What the exercise asks — Return the entries in full, exactly as written.
....
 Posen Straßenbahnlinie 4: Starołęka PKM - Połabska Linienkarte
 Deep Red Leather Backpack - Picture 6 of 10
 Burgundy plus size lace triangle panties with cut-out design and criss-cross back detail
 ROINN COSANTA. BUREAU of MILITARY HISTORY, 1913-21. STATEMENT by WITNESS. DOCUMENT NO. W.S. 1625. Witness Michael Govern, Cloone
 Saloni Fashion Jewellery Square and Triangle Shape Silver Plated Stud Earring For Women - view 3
....
Response —
 Posen Straßenbahnlinie 4: Starołęka PKM - Połabska Linienkarte
 Deep Red Leather Backpack - Picture 6 of 10
 Burgundy plus size lace triangle panties with cut-out design and criss-cross back detail
 ROINN COSANTA. BUREAU of MILITARY HISTORY, 1913-21. STATEMENT by WITNESS. DOCUMENT NO. W.S. 1625. Witness Michael Govern, Cloone
 Saloni Fashion Jewellery Square and Triangle Shape Silver Plated Stud Earring For Women - view 3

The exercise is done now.